Ionic bonding, also known as electrovalent bonding occurs between two atoms, such that one of them is readily able to lose electrons (atom of low ionization energy and high electropositivity) to form positively charged ion which is isoelectronic with the inert gases, while the other readily accepts the lost electrons (atom of high electron affinity and high electronegativity) to form negatively charged ion which is isoelectronic with the noble gases.
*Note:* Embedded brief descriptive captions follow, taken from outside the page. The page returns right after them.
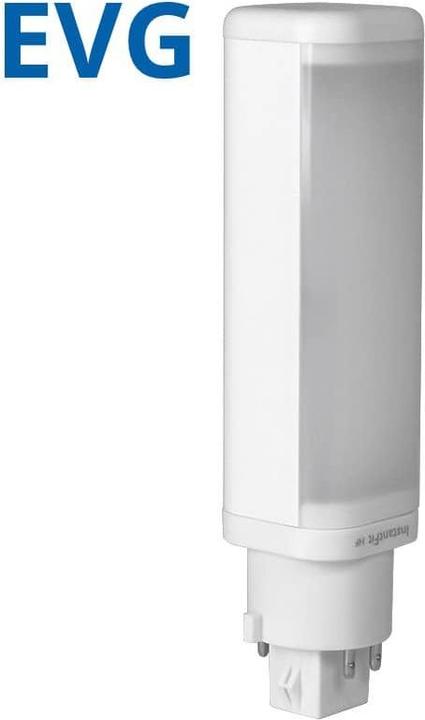 Immagine prodotto Philips Professional CorePro (G24q-3, 9 W, 950 lm, 1 x, F)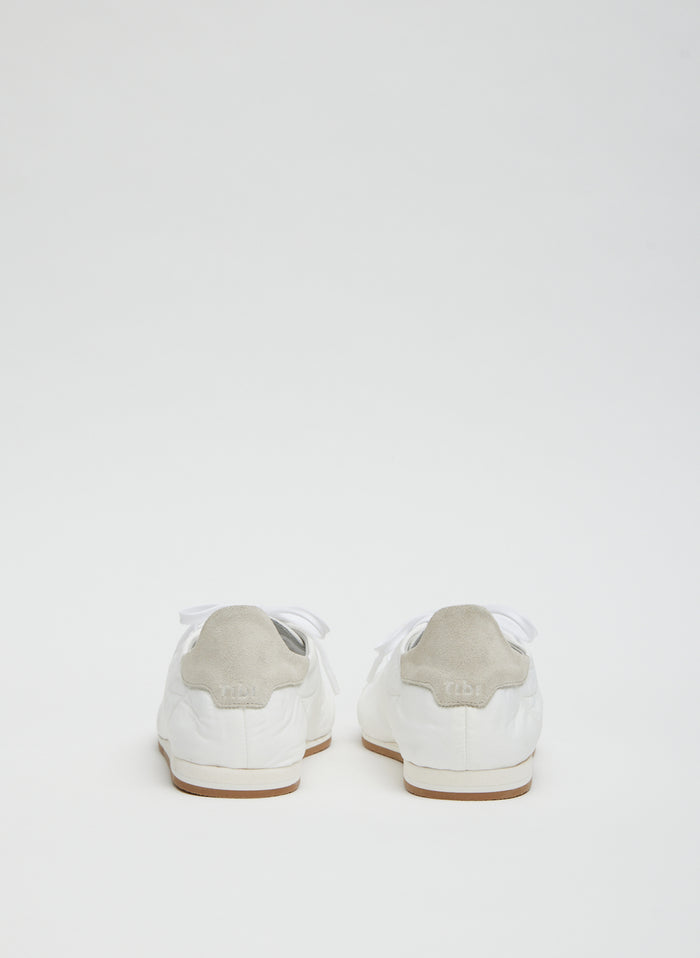 White-5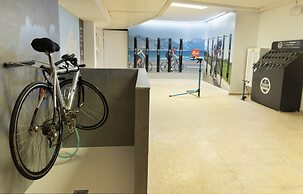 Es Baulo Petit Hotel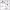 https://res.cloudinary.com/billionhands/image/upload/v1780867618/items/xwdsv4n5bhhaklfqkcgy.webp-1cover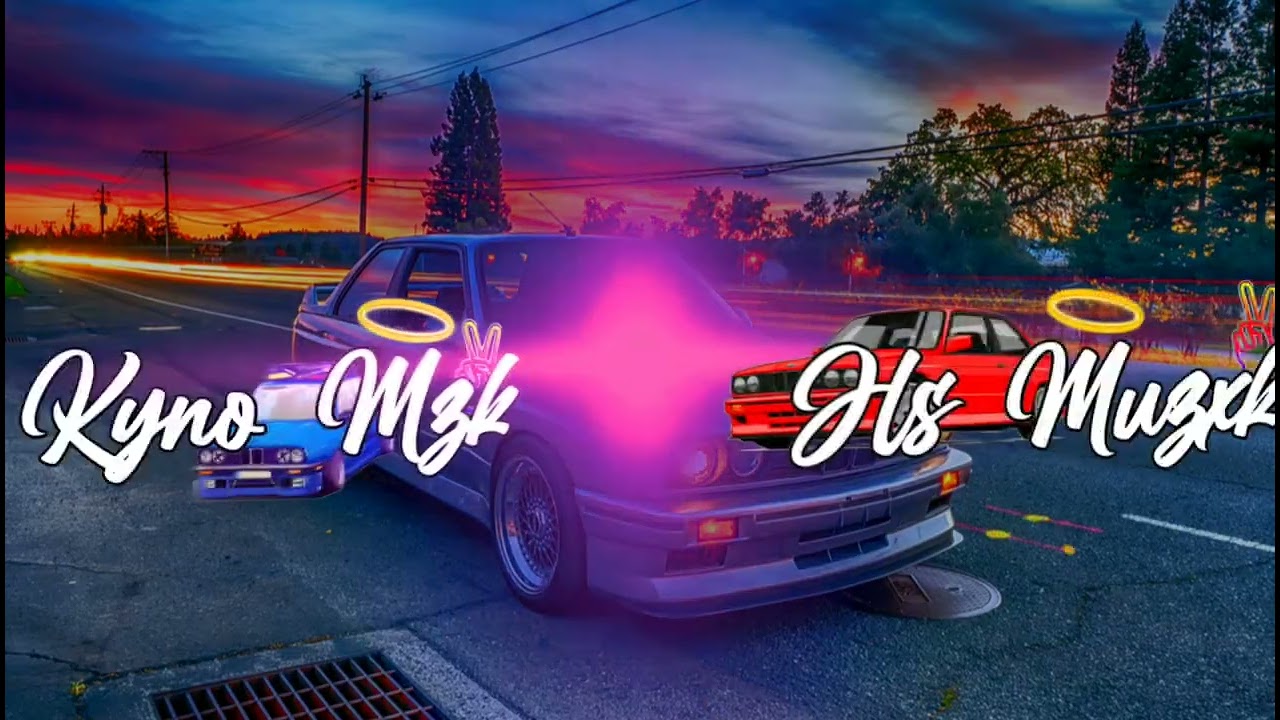 DJ RG X  STYLE RED SOUND X CHARLY BLACK - DRIP▪︎TOO▪︎HARD ( REMIX ZOUK TML BORDEL 2022 )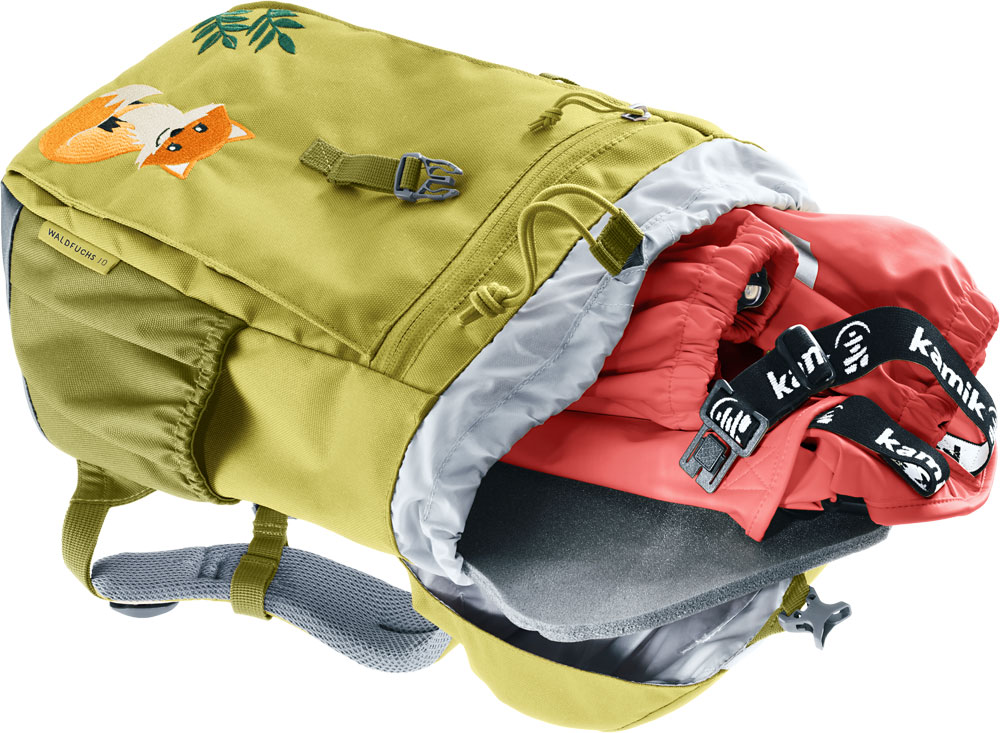 Deuter_3610225-1206-Waldfuchs10_Kinderrucksack_ (7).jpg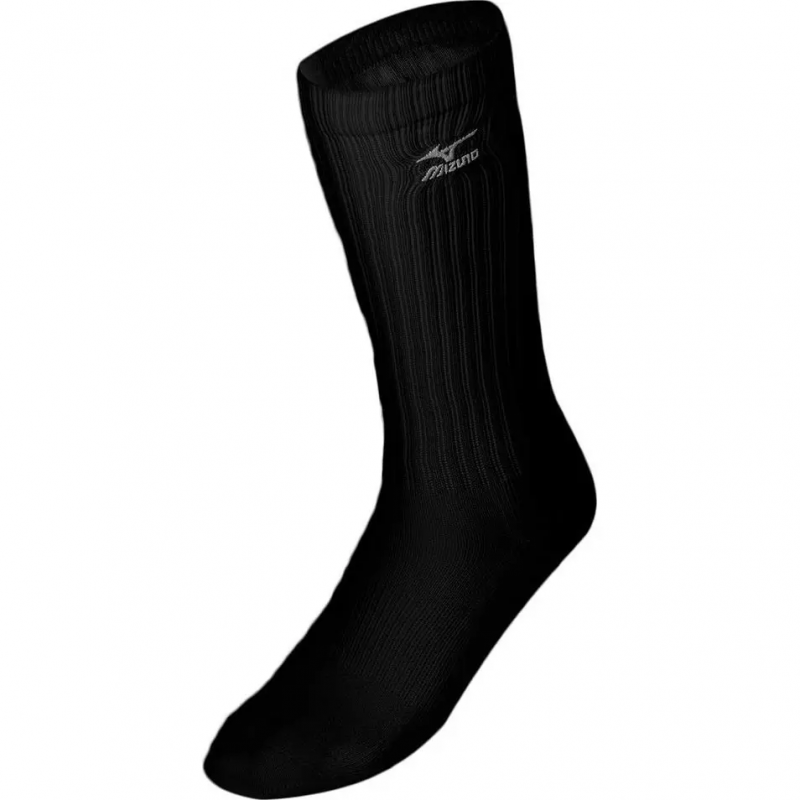 Packung mit 6 Paar Trainingssocken Mizuno Long
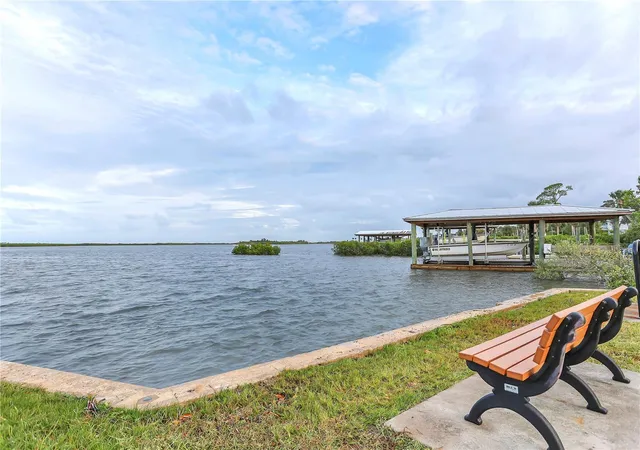 Photo 25 of Single family home for sale at 103 S Flagler Ave, Edgewater, FL 32132 | MLS# O6419023 | Listing updated on 2026-08-31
The two charged particles are then held together by strong electrostatic force of attraction (this is the bond) to form the compound, which is ionic. This type of bonding is formed between metal atoms (members of groups IA, IIA and IIIA) and atoms of non - metals (groups VA, VIA and VIIA).

For example:

1. Formation of NaCl: An atom of Na (group IA) of electronic configuration 1s22s22p63s1 can easily lose the one electron in its outermost shell, i.e., 3s1 to become isoelectronic with the inert gases, i.e., 1s22s22p6 and thus be stable. Na → Na+ + e-

An atom of Cl (group VIIA) of electronic configuration 1s22s22p63s23p5 can easily gain the electron to add to the seven already in its outermost shell, i.e., 3s23p5 to become isoelectronic with the inert gases, i.e., 1s22s22p63s23p6 and thus be stable.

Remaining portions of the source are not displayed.